There is always the concept of CloudShare as a tool and then what you do in that tool. Text Analytics, like SharePoint, is something you do in that tool. Because it’s also typically delivered as a platform. So while I took my brief break from CloudShare, I used Pro daily. And what I did inside this tool was explore and get a better handle on Text Analytics technologies. Text Analytics more primitively referred to as Natural Language Processing or (NLP), is a group of technologies that analyzes unstructured text to produce metadata. Metadata, data about data, is the stuff that makes content useful once saved in a repository and allows you to do more advanced things with the content. Structured metadata, which comes from the system directly such as last modified, version, creation date, author, etc, is more or less automatic. But unstructured metadata that comes from the body of documents is usually entered by individuals. Making it prone to error, and inconsistency. Text Analytics is the stuff that consistently pulls out metadata such as keywords, people, locations, etc, from the body of documents, automating the process users hate to do manually and making it more successful.

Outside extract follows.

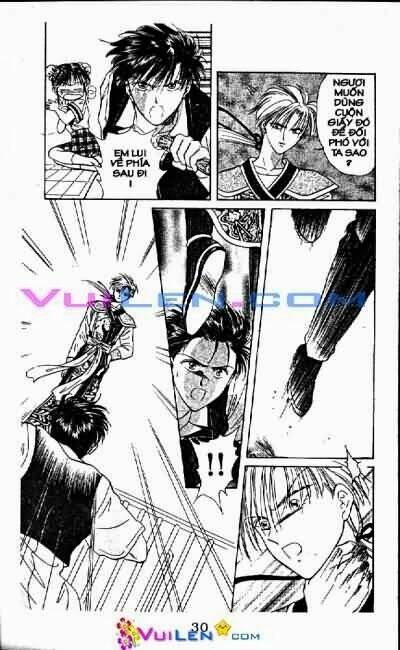 quyển sách kỳ bí chapter 16 31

To build Text Analytics tools, you have to be both a computer scientist, and a fan of words. I call them “word nerds”. The initial engines started appearing in 2003, and have evolved dramatically. They started as purely static and moved to more advanced machine learning, that can get subtle nuances in language. They can also deal with common things in language such as disambiguation – that Mr. Riley, and Chris Riley are actually the same person.

I joined a Text Analytics vendor, compelled by the technology. I learned a lot. First ah hah moment I had was realizing the Text Analytics market of 2013 is very similar to where OCR was in the late 90’s. Where there were a lot of engines all trying to find a home. If the trend continues to be true, we will see massive consolidation, with a lot of client-side solutions, and only two or three general purpose engines that are embedded in them.

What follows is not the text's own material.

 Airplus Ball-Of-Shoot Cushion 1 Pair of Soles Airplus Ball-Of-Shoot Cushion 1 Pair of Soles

The engines today fall into two categories – APIs and vertical solutions. The general purpose APIs are meant for development shops to integrate the technology. The vertical solutions, while customizable, solve specific problems. The most popular area, although perhaps not the most practical, is sentiment analysis. Companies wanting to use Text Analytics to understand the sentiment of the market relating to their product or their competitor’s product. Sentiment is usually measured on a positive negative, neutral, level but it gets more interesting when you derive intent or action as well as sentiment. This is an area that needs a lot of work still, and it’s very sensitive to the forum and domain. However if you look at where the most money is being spent in the Text Analytics market, it is here.

The low hanging fruit for general Text Analytics, is not large. Besides the specific use cases there is a small need for broad untrained Text Analytics in publishing both internal and public, and discovery including eDiscovery and content forensics. More fine tuned engines are winning in the area of content classification and routing. As a matter of fact there is growth in all of these types of solutions with players like ABBYY and Kodak coming onto the scene with client and server-level solutions with full UI.

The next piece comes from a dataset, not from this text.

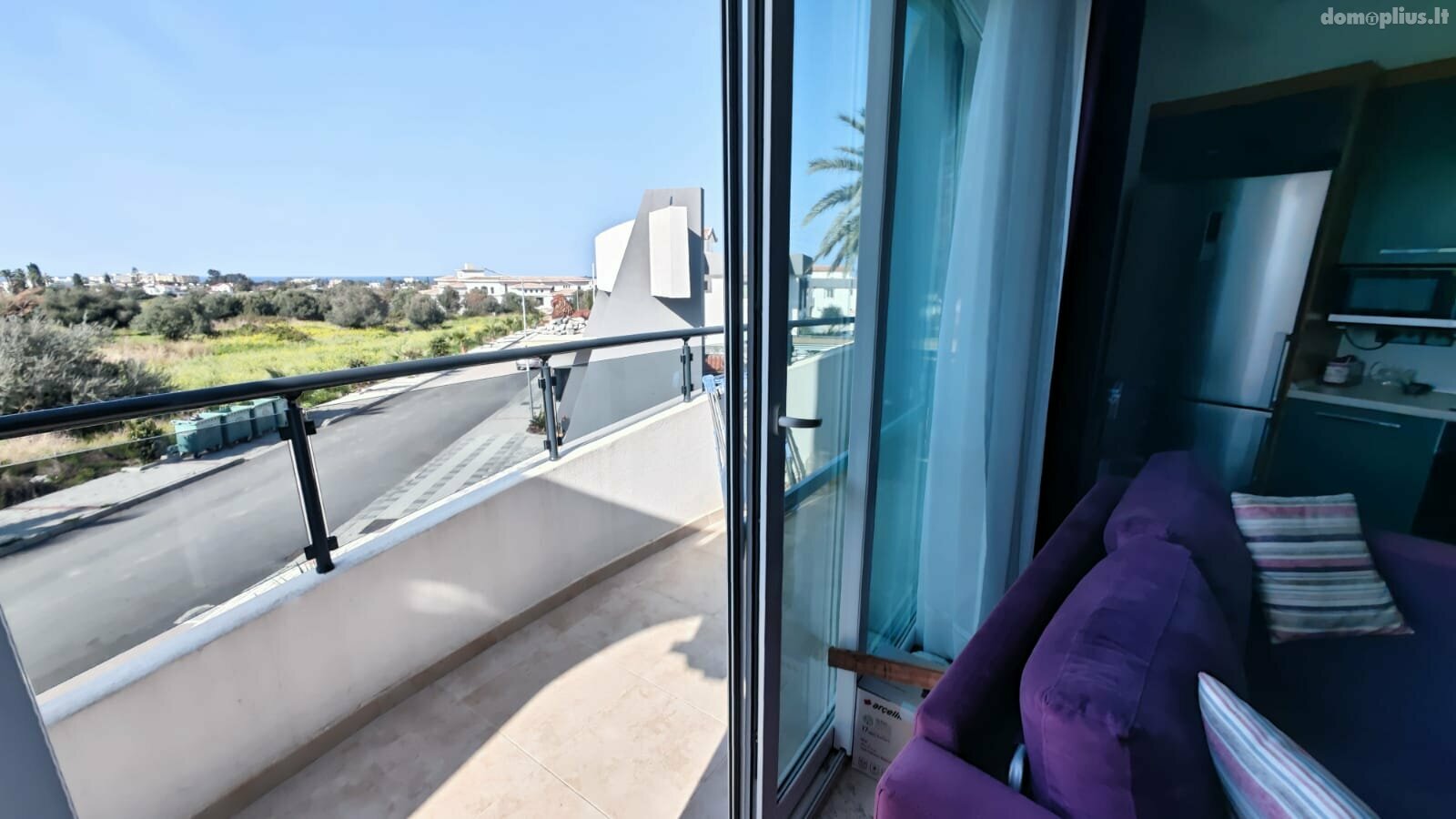 Продается 2 комнатная квартира Кипр, Kyrenia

These are neat, but not areas I feel will be high growth in Text Analytics, rather, where Text Analytics meets Big Data and Social it gets very interesting. IDC analyst David Schubmehl calls this space Unified Information Access ( I learned a lot from David ), and Gartner is toying with the idea of BigContent. I think the creativity will come in the area where Text Analytics meets volumes of truth data. This is called Linked Data and it’s an extremely powerful iterative tool for getting, not only entities from documents, but entities with social and real context.

It was a fun ride in the Text Analytics market, like OCR I suspect the core of this technology will just be one of those things embedded and assumed. It’s one of those technologies that a lot of people need, but nobody wants. As is true with all bespoke technologies. The power will also be teased out when the technologies mature from purely publishing use cases into more interesting creative ways of linking and suggesting content to users. Users today do not want to curate content, and they don’t want to search for it, they want to be told where and what it is.

CloudShare is proud to have several Text Analytics engine vendors using our product for demos in Pro and full development in Labs, and I hope to get a few of them in the Solution Showcase.